[Collected data entries]
----

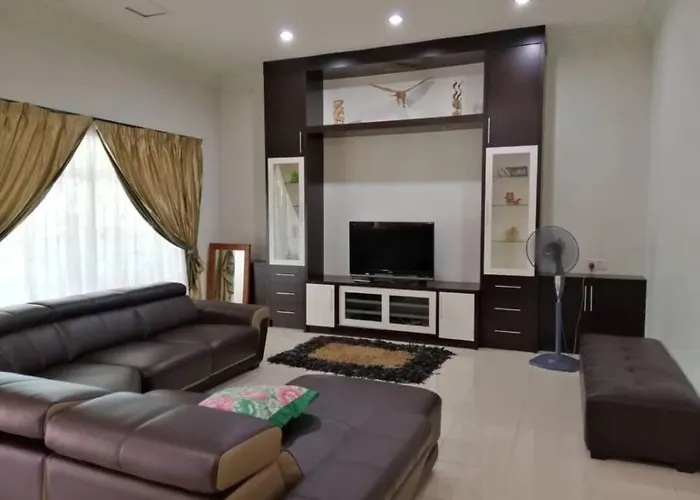 Ipoh Vacation Home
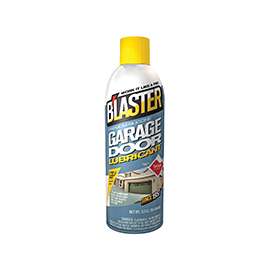 B'laster 16-GDL Lubricant, 9.3 oz Aerosol Can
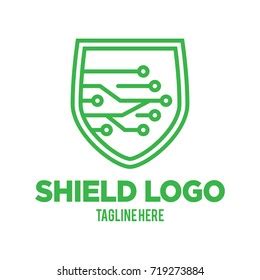 Image result for Digital Sheild Logo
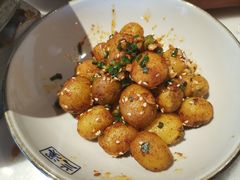 -兰溪小馆(首经贸店)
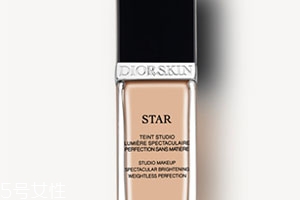 dior迪奧和阿瑪尼粉底液哪個(gè)好？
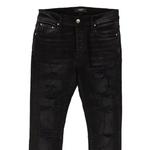 Amiri Thrasher Plus Distressed Jeans 'Черный' 3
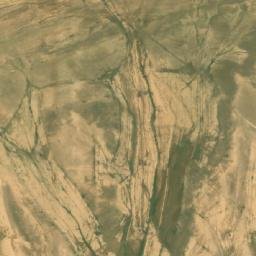 Satellite imagery of Draa Seniet, DZ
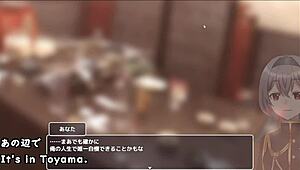 play that ecchi dreams machine game with big tits!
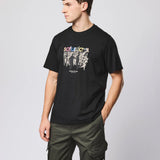 Weekend Offender Saturdays Kids T-Shirt - Black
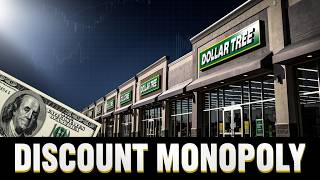 The SECRET Business Model Behind Dollar Tree's UNSTOPPABLE Growth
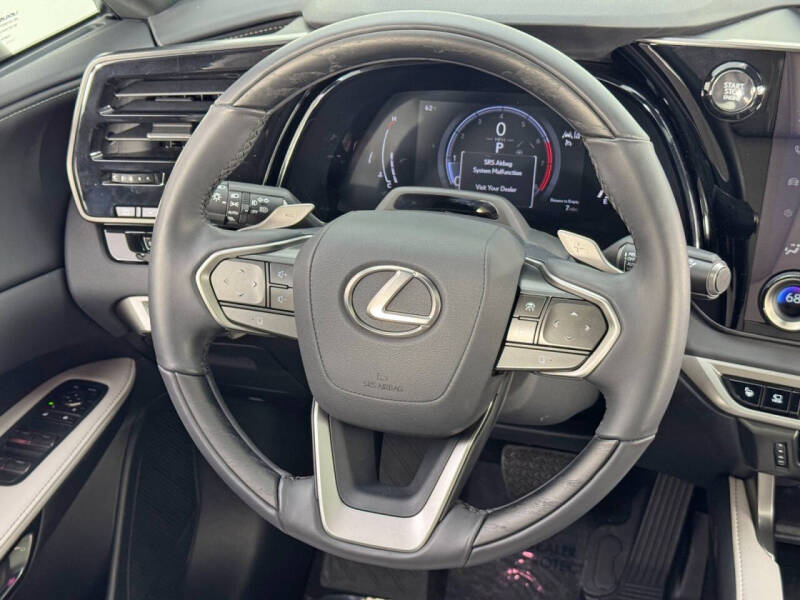 2024 Lexus RX 350 Premium+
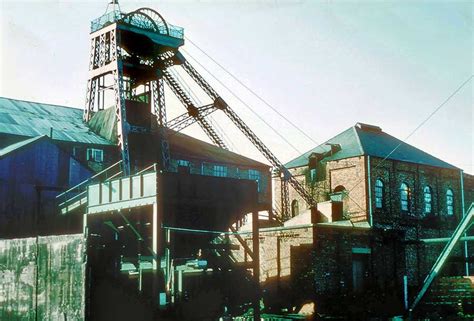 Durham Collieries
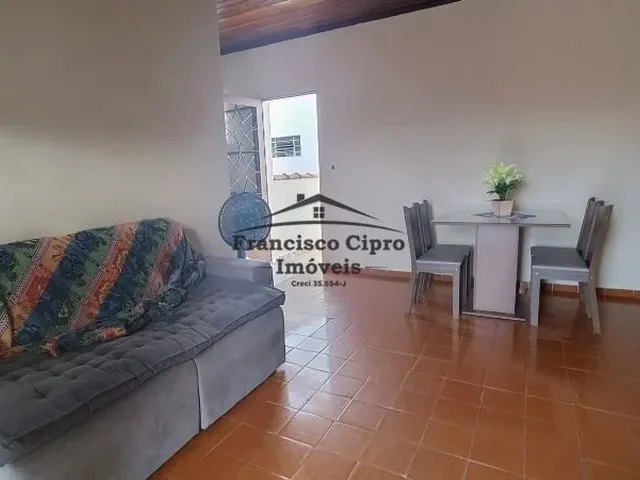 Imagem: Casa À Venda no Bairro Campo do Galvão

----

> _AIM OF THE TASK_
Only the lines from the line with "Satellite imagery of Draa Seniet, DZ" through the end of the records belong in your copy. Repeat them exactly, without pictures.

> _FINISHED TASK_
 Satellite imagery of Draa Seniet, DZ
 play that ecchi dreams machine game with big tits!
 Weekend Offender Saturdays Kids T-Shirt - Black
 The SECRET Business Model Behind Dollar Tree's UNSTOPPABLE Growth
 2024 Lexus RX 350 Premium+
 Durham Collieries
 Imagem: Casa À Venda no Bairro Campo do Galvão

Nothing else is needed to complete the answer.